PROBLEM TO WORK ON -> From the records below, please repeat exactly the line that has "There's one final", the line that has "Google Pay, or Samsung Pay.", and every line between them, and nothing else.

EXERCISE MATERIALS ->
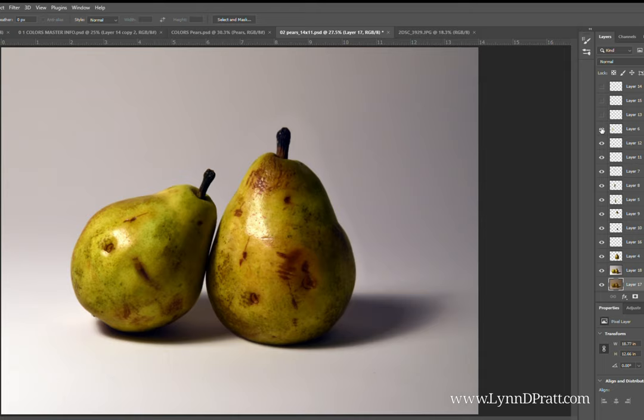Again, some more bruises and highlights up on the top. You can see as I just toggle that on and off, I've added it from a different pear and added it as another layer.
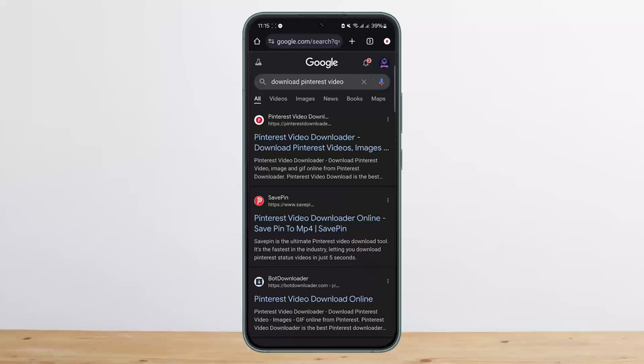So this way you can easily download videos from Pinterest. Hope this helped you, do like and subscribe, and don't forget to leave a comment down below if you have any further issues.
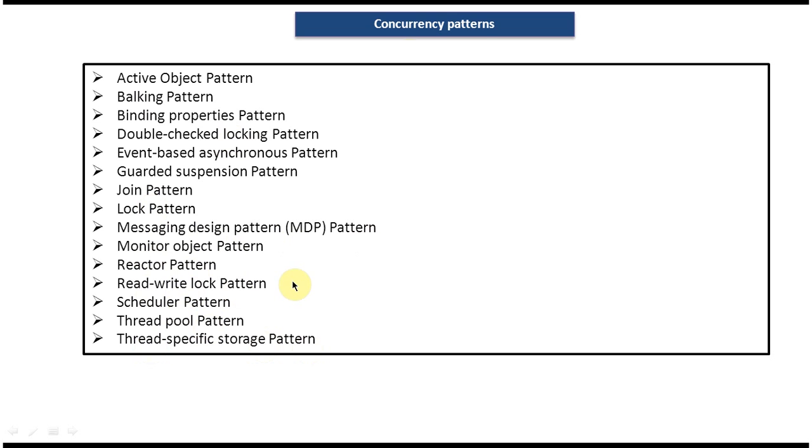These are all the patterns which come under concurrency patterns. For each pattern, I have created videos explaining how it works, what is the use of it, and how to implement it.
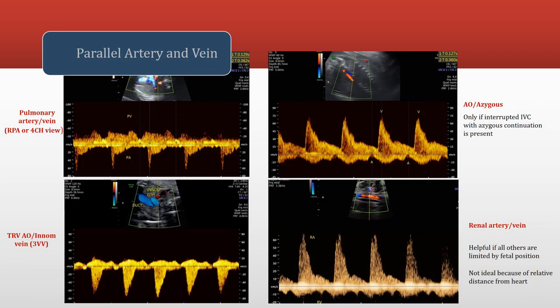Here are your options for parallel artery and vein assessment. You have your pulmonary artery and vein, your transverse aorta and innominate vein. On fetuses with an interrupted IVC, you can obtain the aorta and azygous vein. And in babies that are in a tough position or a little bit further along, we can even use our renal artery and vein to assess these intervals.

---

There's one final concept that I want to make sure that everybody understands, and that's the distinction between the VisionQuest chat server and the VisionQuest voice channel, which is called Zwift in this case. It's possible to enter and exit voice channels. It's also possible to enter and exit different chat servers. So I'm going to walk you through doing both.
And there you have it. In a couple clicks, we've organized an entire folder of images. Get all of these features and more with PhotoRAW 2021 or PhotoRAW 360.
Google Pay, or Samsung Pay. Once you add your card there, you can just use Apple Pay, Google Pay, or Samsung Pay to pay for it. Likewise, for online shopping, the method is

ANSWER SECTION ->
There's one final concept that I want to make sure that everybody understands, and that's the distinction between the VisionQuest chat server and the VisionQuest voice channel, which is called Zwift in this case. It's possible to enter and exit voice channels. It's also possible to enter and exit different chat servers. So I'm going to walk you through doing both.
And there you have it. In a couple clicks, we've organized an entire folder of images. Get all of these features and more with PhotoRAW 2021 or PhotoRAW 360.
Google Pay, or Samsung Pay. Once you add your card there, you can just use Apple Pay, Google Pay, or Samsung Pay to pay for it. Likewise, for online shopping, the method is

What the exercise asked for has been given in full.